Leak detection and repair is the highest-ROI compressed air improvement available to most plants. Ultrasonic leak detectors can identify leaks in loud industrial environments that are impossible to hear. Brabazon's audit team regularly finds 20–60+ leak points per facility. The payback period for a professional leak audit is typically measured in months, not years.
2. Lower Your System Pressure
Every 2 PSI of pressure reduction saves approximately 1% in compressor energy consumption. Many facilities run their systems at higher pressure than necessary — either because equipment was oversized originally, because of pressure drop through a poorly designed piping system, or simply because no one has recalibrated the system in years.
Audit your actual tool requirements. If your highest-demand tool runs at 90 PSI, running your entire system at 120 PSI to compensate for a pressure drop somewhere in your piping wastes significant energy. Fix the pressure drop issue (usually a piping restriction or undersized header) rather than compensating with higher system pressure.
3. Install a Variable Speed Drive (VSD) Compressor
Traditional fixed-speed compressors run at full capacity or cycle off — there is no middle gear. When demand is lower than full output, the compressor either unloads and runs at near-full power while delivering no air, or it cycles on and off repeatedly, which wastes energy and accelerates wear.

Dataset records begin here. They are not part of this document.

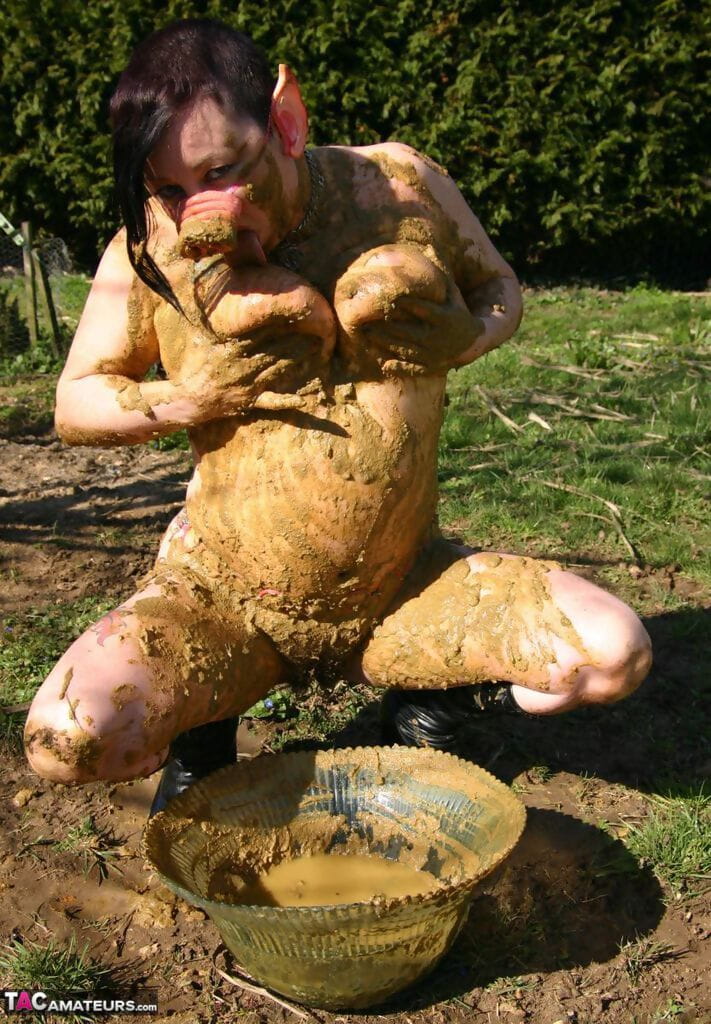 Thick amateur Mary Bitch drinks her own pee while playing in mud like a sow page 1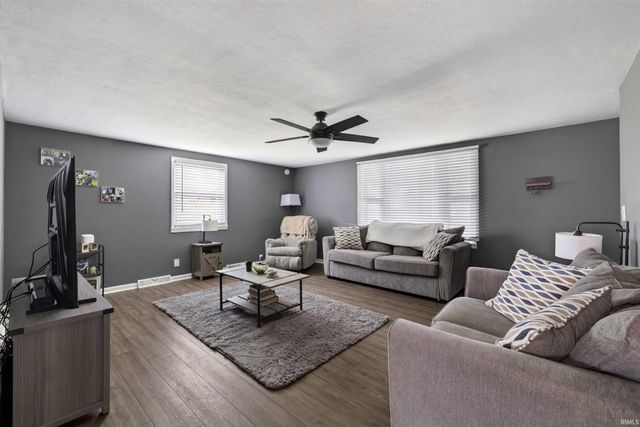2207 I Street, Bedford, IN 47421
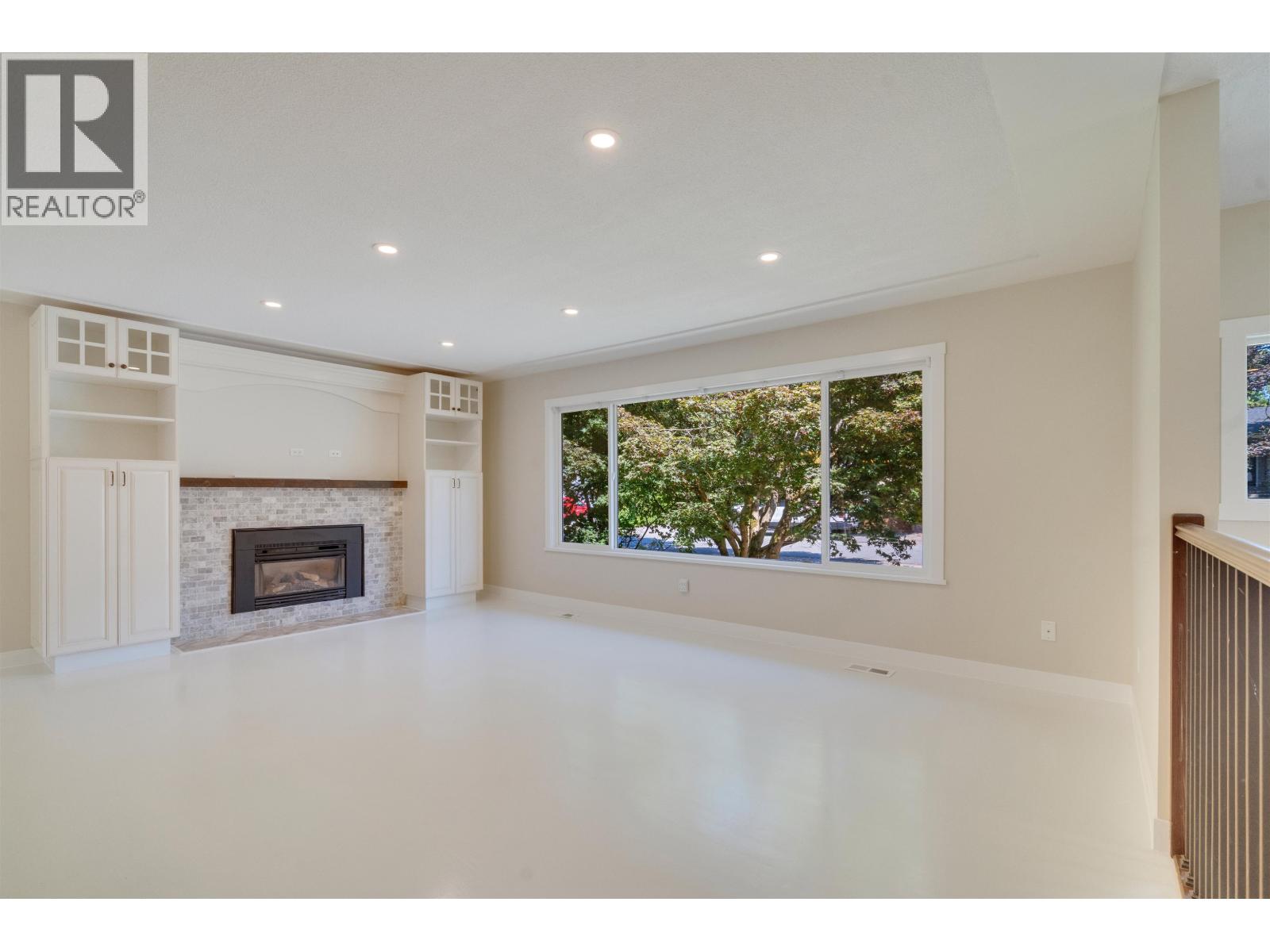 Photo 7 of 12065 208 Street, Maple Ridge BC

Variable speed drive compressors match their motor speed — and therefore their output — to real-time demand. In facilities with variable air consumption, a VSD compressor can reduce energy consumption by 20–35% compared to a fixed-speed unit of equivalent capacity. Sullair's VSD lineup, which Brabazon sells and services, is specifically designed for Midwest industrial applications where demand fluctuates significantly by shift or season.
4. Eliminate Inappropriate Uses of Compressed Air
Compressed air is convenient, so it gets misused. Common energy-wasting applications include using compressed air to cool operators or machinery (a fan uses a fraction of the energy), to clean surfaces or blow off parts (dedicated blowers are far more efficient at lower pressure), or to agitate materials in tanks or hoppers. Each of these can be done with purpose-built equipment at a fraction of the compressed air energy cost.
Do a walkthrough of every compressed air application in your facility. For each one, ask: is compressed air the most energy-efficient way to accomplish this task? In many cases, the answer is no.